▶ [WHAT YOU SHOULD DO]:
Character for character, give back every line below.

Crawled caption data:

****************

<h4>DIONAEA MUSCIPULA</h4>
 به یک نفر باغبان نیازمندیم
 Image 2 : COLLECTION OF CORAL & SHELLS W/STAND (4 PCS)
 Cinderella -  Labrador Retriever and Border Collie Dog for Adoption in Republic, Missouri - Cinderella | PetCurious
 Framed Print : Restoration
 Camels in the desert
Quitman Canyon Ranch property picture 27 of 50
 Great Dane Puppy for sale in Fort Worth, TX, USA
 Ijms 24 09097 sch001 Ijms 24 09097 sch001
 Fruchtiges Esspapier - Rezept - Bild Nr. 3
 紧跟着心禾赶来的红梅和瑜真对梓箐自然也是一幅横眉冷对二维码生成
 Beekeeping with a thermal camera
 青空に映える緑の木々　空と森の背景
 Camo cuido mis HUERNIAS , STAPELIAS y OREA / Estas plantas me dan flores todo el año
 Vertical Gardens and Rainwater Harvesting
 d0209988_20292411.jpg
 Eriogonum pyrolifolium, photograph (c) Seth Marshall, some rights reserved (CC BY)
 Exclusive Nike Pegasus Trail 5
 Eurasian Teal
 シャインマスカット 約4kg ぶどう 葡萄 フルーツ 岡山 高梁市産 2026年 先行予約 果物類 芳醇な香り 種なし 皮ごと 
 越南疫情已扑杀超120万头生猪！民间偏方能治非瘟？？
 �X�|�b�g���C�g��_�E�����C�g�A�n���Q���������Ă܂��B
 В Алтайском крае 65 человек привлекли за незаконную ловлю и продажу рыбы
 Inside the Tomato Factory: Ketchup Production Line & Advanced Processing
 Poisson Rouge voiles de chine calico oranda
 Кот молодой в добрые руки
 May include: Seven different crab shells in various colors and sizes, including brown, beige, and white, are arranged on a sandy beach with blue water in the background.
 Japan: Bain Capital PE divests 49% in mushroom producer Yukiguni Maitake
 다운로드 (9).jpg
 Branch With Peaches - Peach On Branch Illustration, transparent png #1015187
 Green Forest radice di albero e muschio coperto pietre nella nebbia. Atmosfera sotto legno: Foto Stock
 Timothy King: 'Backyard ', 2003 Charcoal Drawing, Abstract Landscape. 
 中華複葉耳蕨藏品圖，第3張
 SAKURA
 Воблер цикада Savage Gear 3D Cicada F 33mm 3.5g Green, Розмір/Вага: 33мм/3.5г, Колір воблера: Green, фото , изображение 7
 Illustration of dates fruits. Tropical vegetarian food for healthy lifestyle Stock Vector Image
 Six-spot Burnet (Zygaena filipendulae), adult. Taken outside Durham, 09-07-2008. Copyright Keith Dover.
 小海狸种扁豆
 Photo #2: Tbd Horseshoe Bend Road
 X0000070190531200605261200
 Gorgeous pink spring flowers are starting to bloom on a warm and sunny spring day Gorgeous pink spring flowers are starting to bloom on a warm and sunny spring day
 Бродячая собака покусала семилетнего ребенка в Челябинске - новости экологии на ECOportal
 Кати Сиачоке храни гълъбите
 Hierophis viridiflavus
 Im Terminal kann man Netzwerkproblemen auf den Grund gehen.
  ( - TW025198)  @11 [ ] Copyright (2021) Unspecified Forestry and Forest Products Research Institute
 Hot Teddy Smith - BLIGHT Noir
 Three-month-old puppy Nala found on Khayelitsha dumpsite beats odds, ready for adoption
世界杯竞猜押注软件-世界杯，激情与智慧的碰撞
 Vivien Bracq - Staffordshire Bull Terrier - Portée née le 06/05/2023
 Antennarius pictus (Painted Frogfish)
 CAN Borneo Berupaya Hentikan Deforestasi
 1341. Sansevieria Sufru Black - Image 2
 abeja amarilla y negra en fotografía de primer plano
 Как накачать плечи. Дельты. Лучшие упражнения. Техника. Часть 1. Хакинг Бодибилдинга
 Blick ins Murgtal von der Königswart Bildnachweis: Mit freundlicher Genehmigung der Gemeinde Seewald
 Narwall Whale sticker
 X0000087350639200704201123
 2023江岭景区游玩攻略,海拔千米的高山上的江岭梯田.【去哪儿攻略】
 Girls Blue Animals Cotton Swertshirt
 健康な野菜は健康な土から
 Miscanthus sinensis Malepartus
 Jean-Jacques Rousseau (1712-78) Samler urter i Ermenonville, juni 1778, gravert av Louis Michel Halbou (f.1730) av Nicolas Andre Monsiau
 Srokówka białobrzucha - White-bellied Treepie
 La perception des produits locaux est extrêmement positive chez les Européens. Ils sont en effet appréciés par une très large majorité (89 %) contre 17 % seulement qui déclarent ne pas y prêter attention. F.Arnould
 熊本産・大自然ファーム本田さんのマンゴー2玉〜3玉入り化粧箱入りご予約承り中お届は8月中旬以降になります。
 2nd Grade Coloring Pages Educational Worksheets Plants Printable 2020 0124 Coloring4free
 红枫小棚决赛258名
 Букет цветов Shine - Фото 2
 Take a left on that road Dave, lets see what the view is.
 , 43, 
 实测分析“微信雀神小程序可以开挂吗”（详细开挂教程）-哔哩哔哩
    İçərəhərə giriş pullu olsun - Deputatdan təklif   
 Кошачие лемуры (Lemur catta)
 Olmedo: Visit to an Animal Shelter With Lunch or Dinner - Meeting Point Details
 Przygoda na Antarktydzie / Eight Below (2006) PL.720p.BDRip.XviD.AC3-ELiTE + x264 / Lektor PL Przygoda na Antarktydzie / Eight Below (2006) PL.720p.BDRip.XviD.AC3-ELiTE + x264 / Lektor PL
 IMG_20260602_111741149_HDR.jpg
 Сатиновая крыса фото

****************

▶ [PROBLEM SOLUTION]:
<h4>DIONAEA MUSCIPULA</h4>
 به یک نفر باغبان نیازمندیم
 Image 2 : COLLECTION OF CORAL & SHELLS W/STAND (4 PCS)
 Cinderella -  Labrador Retriever and Border Collie Dog for Adoption in Republic, Missouri - Cinderella | PetCurious
 Framed Print : Restoration
 Camels in the desert
Quitman Canyon Ranch property picture 27 of 50
 Great Dane Puppy for sale in Fort Worth, TX, USA
 Ijms 24 09097 sch001 Ijms 24 09097 sch001
 Fruchtiges Esspapier - Rezept - Bild Nr. 3
 紧跟着心禾赶来的红梅和瑜真对梓箐自然也是一幅横眉冷对二维码生成
 Beekeeping with a thermal camera
 青空に映える緑の木々　空と森の背景
 Camo cuido mis HUERNIAS , STAPELIAS y OREA / Estas plantas me dan flores todo el año
 Vertical Gardens and Rainwater Harvesting
 d0209988_20292411.jpg
 Eriogonum pyrolifolium, photograph (c) Seth Marshall, some rights reserved (CC BY)
 Exclusive Nike Pegasus Trail 5
 Eurasian Teal
 シャインマスカット 約4kg ぶどう 葡萄 フルーツ 岡山 高梁市産 2026年 先行予約 果物類 芳醇な香り 種なし 皮ごと 
 越南疫情已扑杀超120万头生猪！民间偏方能治非瘟？？
 �X�|�b�g���C�g��_�E�����C�g�A�n���Q���������Ă܂��B
 В Алтайском крае 65 человек привлекли за незаконную ловлю и продажу рыбы
 Inside the Tomato Factory: Ketchup Production Line & Advanced Processing
 Poisson Rouge voiles de chine calico oranda
 Кот молодой в добрые руки
 May include: Seven different crab shells in various colors and sizes, including brown, beige, and white, are arranged on a sandy beach with blue water in the background.
 Japan: Bain Capital PE divests 49% in mushroom producer Yukiguni Maitake
 다운로드 (9).jpg
 Branch With Peaches - Peach On Branch Illustration, transparent png #1015187
 Green Forest radice di albero e muschio coperto pietre nella nebbia. Atmosfera sotto legno: Foto Stock
 Timothy King: 'Backyard ', 2003 Charcoal Drawing, Abstract Landscape. 
 中華複葉耳蕨藏品圖，第3張
 SAKURA
 Воблер цикада Savage Gear 3D Cicada F 33mm 3.5g Green, Розмір/Вага: 33мм/3.5г, Колір воблера: Green, фото , изображение 7
 Illustration of dates fruits. Tropical vegetarian food for healthy lifestyle Stock Vector Image
 Six-spot Burnet (Zygaena filipendulae), adult. Taken outside Durham, 09-07-2008. Copyright Keith Dover.
 小海狸种扁豆
 Photo #2: Tbd Horseshoe Bend Road
 X0000070190531200605261200
 Gorgeous pink spring flowers are starting to bloom on a warm and sunny spring day Gorgeous pink spring flowers are starting to bloom on a warm and sunny spring day
 Бродячая собака покусала семилетнего ребенка в Челябинске - новости экологии на ECOportal
 Кати Сиачоке храни гълъбите
 Hierophis viridiflavus
 Im Terminal kann man Netzwerkproblemen auf den Grund gehen.
  ( - TW025198)  @11 [ ] Copyright (2021) Unspecified Forestry and Forest Products Research Institute
 Hot Teddy Smith - BLIGHT Noir
 Three-month-old puppy Nala found on Khayelitsha dumpsite beats odds, ready for adoption
世界杯竞猜押注软件-世界杯，激情与智慧的碰撞
 Vivien Bracq - Staffordshire Bull Terrier - Portée née le 06/05/2023
 Antennarius pictus (Painted Frogfish)
 CAN Borneo Berupaya Hentikan Deforestasi
 1341. Sansevieria Sufru Black - Image 2
 abeja amarilla y negra en fotografía de primer plano
 Как накачать плечи. Дельты. Лучшие упражнения. Техника. Часть 1. Хакинг Бодибилдинга
 Blick ins Murgtal von der Königswart Bildnachweis: Mit freundlicher Genehmigung der Gemeinde Seewald
 Narwall Whale sticker
 X0000087350639200704201123
 2023江岭景区游玩攻略,海拔千米的高山上的江岭梯田.【去哪儿攻略】
 Girls Blue Animals Cotton Swertshirt
 健康な野菜は健康な土から
 Miscanthus sinensis Malepartus
 Jean-Jacques Rousseau (1712-78) Samler urter i Ermenonville, juni 1778, gravert av Louis Michel Halbou (f.1730) av Nicolas Andre Monsiau
 Srokówka białobrzucha - White-bellied Treepie
 La perception des produits locaux est extrêmement positive chez les Européens. Ils sont en effet appréciés par une très large majorité (89 %) contre 17 % seulement qui déclarent ne pas y prêter attention. F.Arnould
 熊本産・大自然ファーム本田さんのマンゴー2玉〜3玉入り化粧箱入りご予約承り中お届は8月中旬以降になります。
 2nd Grade Coloring Pages Educational Worksheets Plants Printable 2020 0124 Coloring4free
 红枫小棚决赛258名
 Букет цветов Shine - Фото 2
 Take a left on that road Dave, lets see what the view is.
 , 43, 
 实测分析“微信雀神小程序可以开挂吗”（详细开挂教程）-哔哩哔哩
    İçərəhərə giriş pullu olsun - Deputatdan təklif   
 Кошачие лемуры (Lemur catta)
 Olmedo: Visit to an Animal Shelter With Lunch or Dinner - Meeting Point Details
 Przygoda na Antarktydzie / Eight Below (2006) PL.720p.BDRip.XviD.AC3-ELiTE + x264 / Lektor PL Przygoda na Antarktydzie / Eight Below (2006) PL.720p.BDRip.XviD.AC3-ELiTE + x264 / Lektor PL
 IMG_20260602_111741149_HDR.jpg
 Сатиновая крыса фото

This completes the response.